Sound Science Builds
Today you build real things.
A speaker. A sound visualizer. And you'll capture real sounds from the world. Two take-home artifacts and a library of sounds you'll use for the rest of the program.
You're going to build a speaker with no electricity. Just shape, cardboard, and physics. The speaker on your phone is tiny — but if you channel the sound waves through the right shape, you can amplify them dramatically.
- Cardboard (various sizes)
- Cardstock or thin cardboard
- Paper cups or plastic bottles
- Scissors
- Tape
Before you build anything, measure how loud your phone is on its own:
- Pick one song to use for all your tests
- Open a decibel meter app on a different phone
- Place the measuring phone 1 foot from the playing phone
- Play the song. Record the dB level. This is your "before" number.
Think about megaphones and cupping your hand around your ear. You're shaping sound waves.
- Cut an opening for the phone's speaker
- Build a horn or cone shape that flares outward
- Tape it stable, make sure the phone fits snug
Put your phone in the amplifier. Re-test at the same distance.
- Note: a 3 dB increase is noticeable. 10 dB increase is roughly twice as loud.
- If time, modify your design and test again
You keep this. It's your take-home from today.
Real sound designers don't just live on Foley stages. They go out into the world and capture sounds. Today you do that.
- A door slamming
- Footsteps on at least 2 different surfaces
- A water sound (fountain, sink, anything)
- Ambient background (hallway, classroom from outside)
- Something mechanical (vending machine, fan, motor)
- Something unexpected — your call
- Get CLOSE to the sound — phones don't have great mics
- Hold the phone steady
- Get a few seconds of just the sound — no talking over it
- Label your files as you go ("door_slam_1," "footsteps_carpet")
These recordings become the SOUND LIBRARY for your Makey Makey board later in the program. Don't lose them.
You can't see sound. But you CAN see what sound does. When you push a frequency into a metal plate, the vibration creates standing wave patterns. Sprinkle salt on top and the salt moves to the "quiet" spots — making the wave pattern visible.

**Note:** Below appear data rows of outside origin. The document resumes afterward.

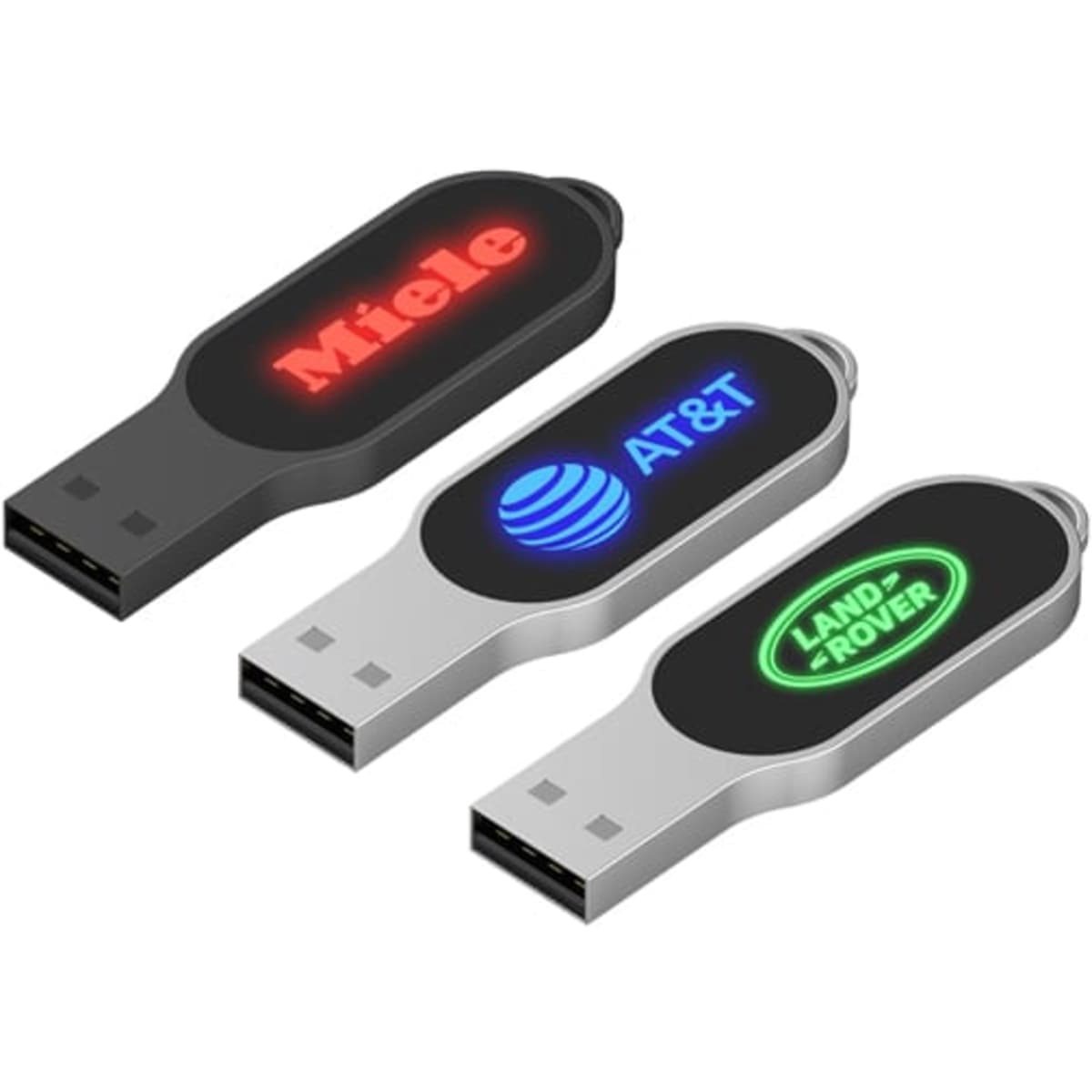 Three LED flash drives in black and silver, featuring logos on their sides in red and green illumination.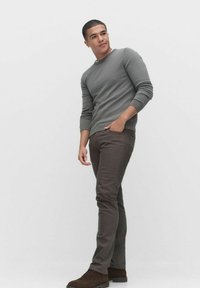 Grå långärmad skjorta, bruna slim-fit byxor och mörkbruna skor. Slät tygkvalitet med figursydd design, stående pose mot en vit bakgrund.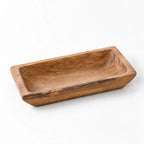 Solid teak tray with a low-set, rounded rectangular shape and recessed center, showcasing natural grain and knots.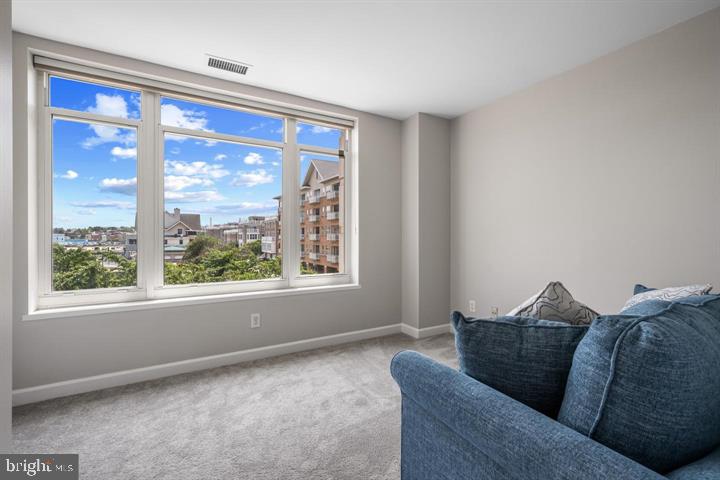 100 Harborview Drive, Unit 212 Baltimore, MD 21230 - Photo 21 of 29 a living room with furniture and a window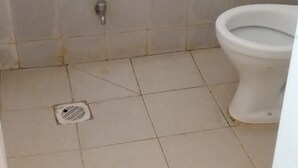 A bathroom with a toilet, a sink, and a floor drain. - Charity Lodge (Nakuru)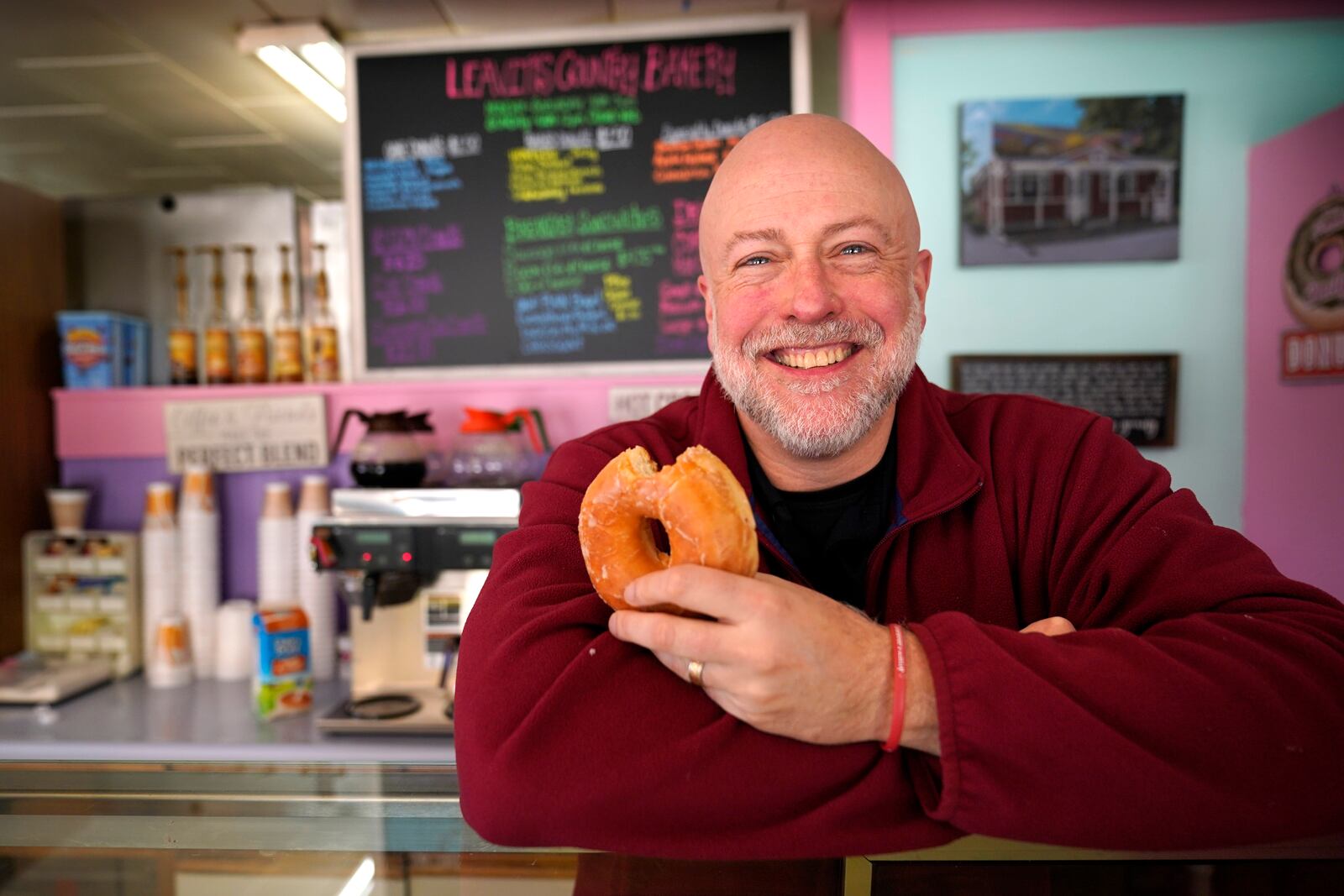 FILE - Owner Sean Young poses at Leavitt's Country Bakery, in this April 13, 2023 file photo, in Conway, N.H. (AP Photo/Robert F. Bukaty, file)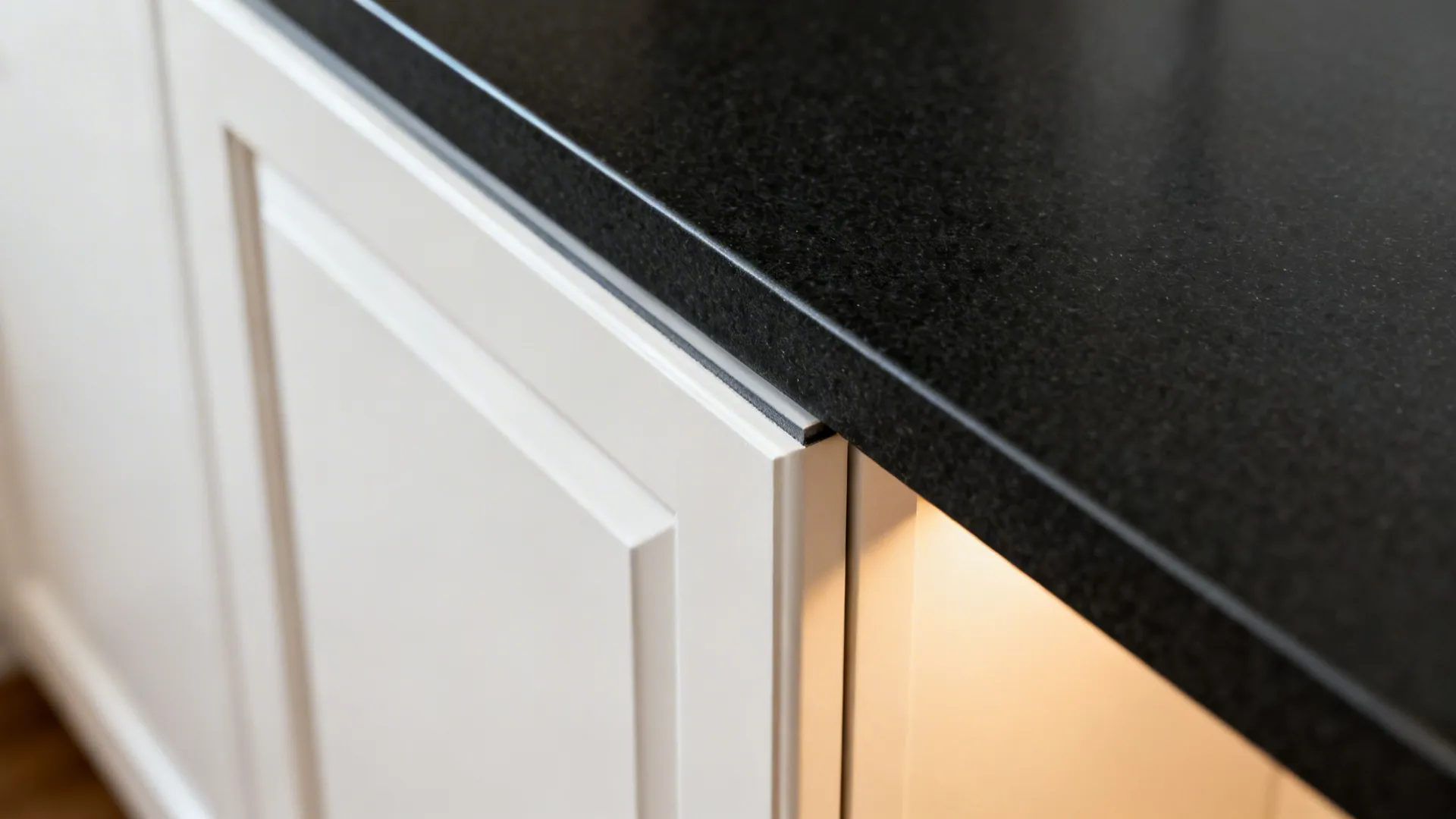 Macro view of matte black quartz edge next to a white cabinet door.
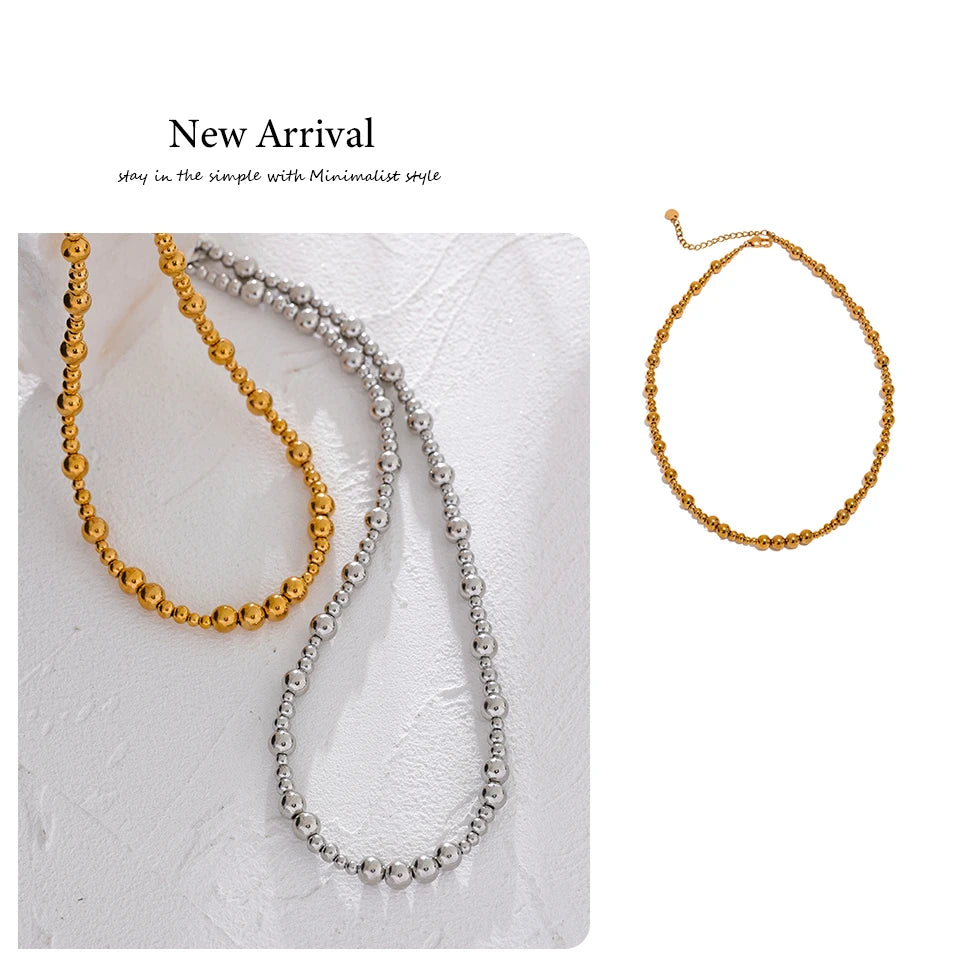 Beaded geometric chain necklace in gold-plated stainless steel.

This is also why Foley works: your brain identifies sound by vibration pattern, not by the source. A coconut struck on stone makes vibrations like a hoof. Your brain says "horse."
- 1 aluminum pie tin
- Plastic wrap (cut your own length from the roll)
- 1 rubber band
- A small baggie of salt or fine sand
- Cut a piece of plastic wrap big enough to cover the pie tin with a few inches extra
- Stretch it TIGHT across the top of the pie tin
- Secure it with the rubber band around the rim
- Sprinkle a thin layer of salt on top
Three ways to push sound into the plate:
- Bluetooth karaoke speaker — press the speaker firmly against the rim of the pie tin. Use a phone tone generator app (free) to play different frequencies. THIS IS THE BIG ONE.
- Phone speaker direct — hold phone face-down with the speaker pressed against the rim. Smaller patterns but works.
- Your voice — hum or sing directly into the rim of the pie tin. Hardest to control but the most fun.
- Try different pitches — go higher, then lower. Patterns change.
- Try different volumes. Does loudness change the pattern, or just how dramatic it is?
- Which frequencies create the MOST complex patterns?
- Can your group find a frequency that makes the same pattern as another group's?
You keep this. Take it home and show someone.